Long time ago I also discussed with Trygve Falch (Statistics Norway) the use of JSON-stat as a metadata format, replacing the PC-Axis metadata format. I was warned by Trygve that this is currently not a 100% possible because JSON-stat has no way to express the PC-Axis concept of "elimination". Lars Knudsen (Statistics Denmark) expressed a similar concern more recently.
Considering JSON-stat adoption has been partly tied to PX-Web, it makes a lot of sense to be very attentive to the needs of PC-Axis-based producers, as they are most of the JSON-stat providers. That said, I try to keep the standard as simple as possible and only add features that can be considered general needs. That's why I do not plan to propose to add an "elimination" property, which would match perfectly PC-Axis needs: if the meaning of the term is too narrow it won't address a problem as general as possible (but of course I might be wrong trying to solve too many cases at the same time).
"elimination" is used in PC-Axis metadata responses to provide information on how a dataset can be customized (what dimensions can be dropped). It can take two forms:
ELIMINATION("sex")=YES;
ELIMINATION("region")="All Denmark";
My standardization proposal is based on the general properties "default" (already mentioned) and "required", as a simple way to provide more metadata on dimensions. As I said earlier, "default" only means some category in a dimension is to be picked if the context requires to pick a single one. "required" (by default, true) only means that, when false, some dimension might be removed from a dataset ("how" is up to the provider).
To express ELIMINATION("sex")=YES PC-Axis providers would be able to use:
"sex" : {
"label" : ...
"category" : {
"index": ...
"label": ...
},
"required": false
}
To express ELIMINATION("region")="All Denmark" PC-Axis providers would be able to use:
"region" : {
"label" : ...
"category" : {
"index": ...
"label": ...
"default": "000" //Category id for "All Denmark"
},
"required": false
}
("default" applies to categories; "required" to dimensions. Both are non-mandatory.)
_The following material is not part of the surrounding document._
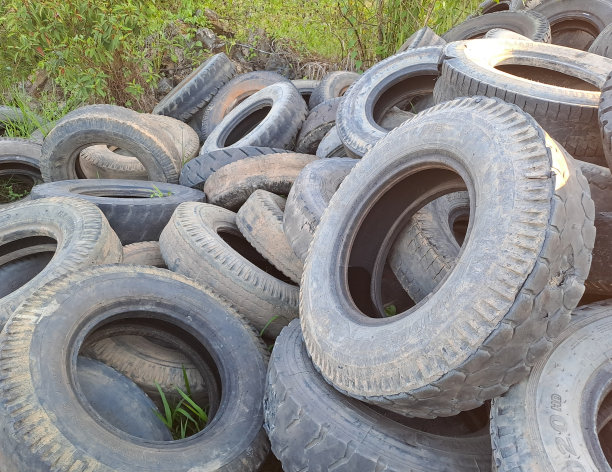 一堆旧汽车轮胎。图片下载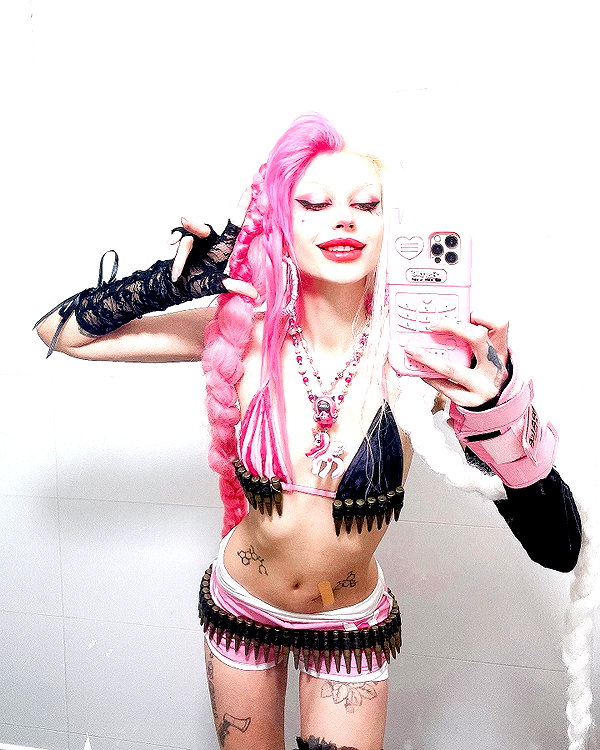 kriiizellda instagram image archive image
In a non-PC-Axis context, a provider that does not offer a mechanism to remove dimensions would probably not use "required" (always true) but would still benefit from "default" to inform of the existence of a main category in a dimension. (Or maybe it could use "required": false in data responses to suggest a simplified view of a dataset.)
Should "required" and "default" be added to the standard? Is there a general need for them? (Otherwise they are better kept inside "extension") Is their meaning too open? Are they trying to solve too many (different) cases at the same time?
If added, do you plan to use any of these new properties? How?
All feedback is welcome and appreciated.